Task details. Print exactly the lines that run from the one containing "This png image" to the final line of the data, both included, and print none of the pictures.

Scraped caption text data
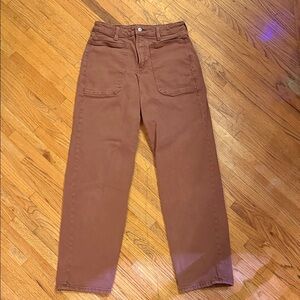 Old Navy 8 tall  High-Rise loose utility pants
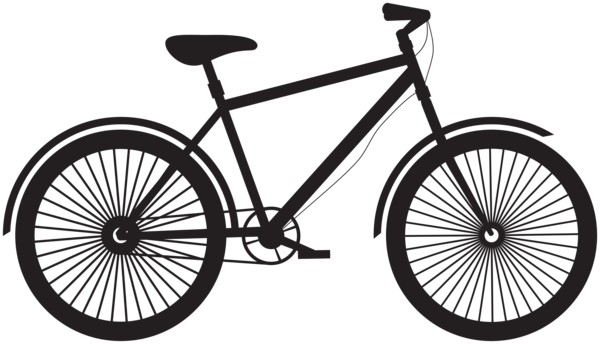 This png image - Bicycle Silhouette PNG Clip Art, is available for free download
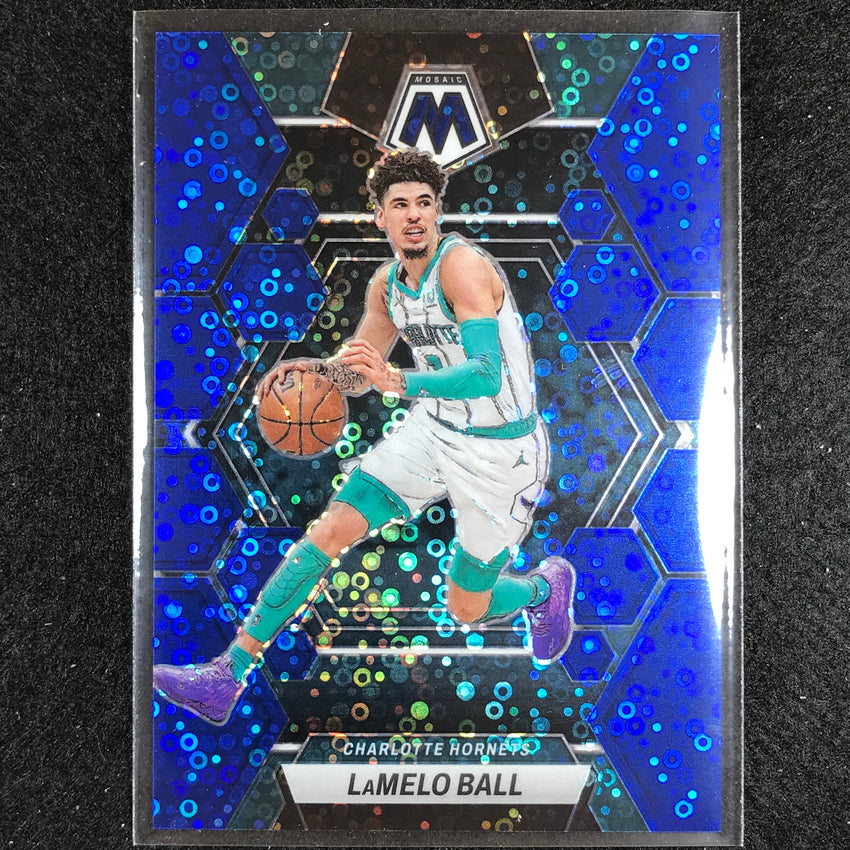 2022-23 Mosaic Lamelo Ball Fast Break Blue Disco 59/85 No 151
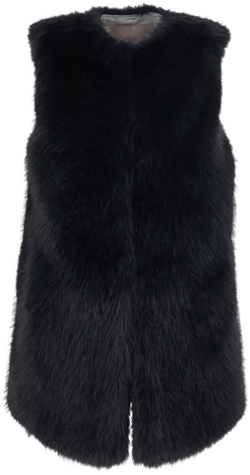 Herno Women's Black Sleeveless Vest With Concealed Closure On The Front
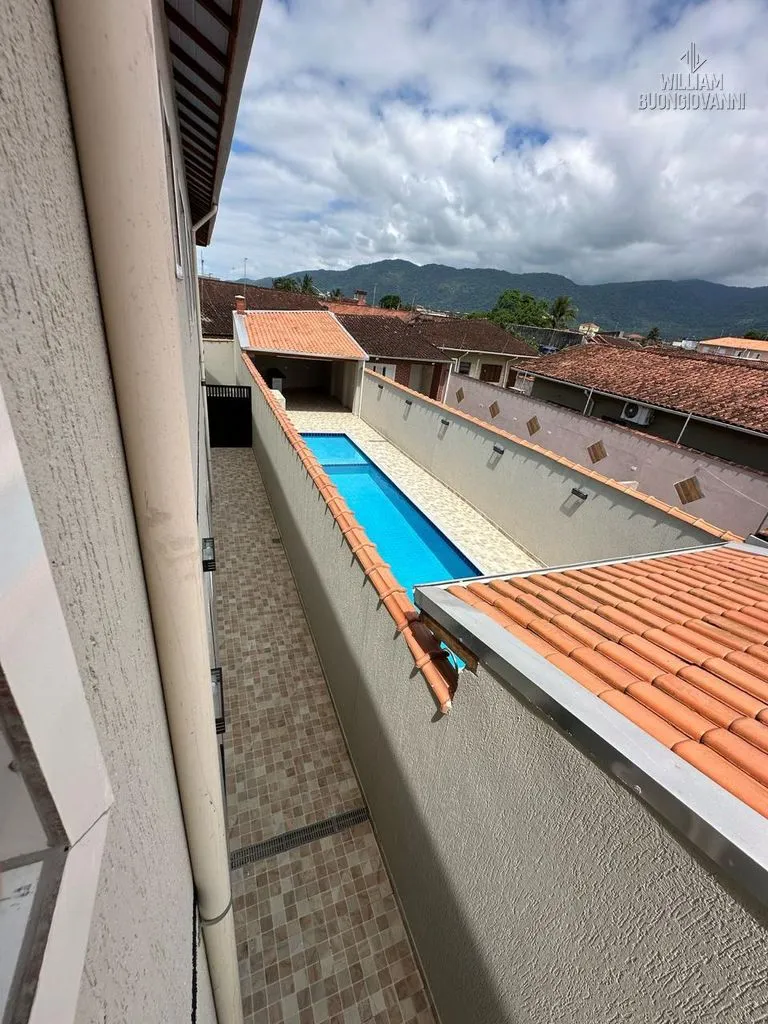 Imagem Casa em Condomínio, 2 dorm, 1 suíte, 1 vaga, Piscina 260m da Praia Jardim Real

Reply.
 This png image - Bicycle Silhouette PNG Clip Art, is available for free download
 2022-23 Mosaic Lamelo Ball Fast Break Blue Disco 59/85 No 151
 Herno Women's Black Sleeveless Vest With Concealed Closure On The Front
 Imagem Casa em Condomínio, 2 dorm, 1 suíte, 1 vaga, Piscina 260m da Praia Jardim Real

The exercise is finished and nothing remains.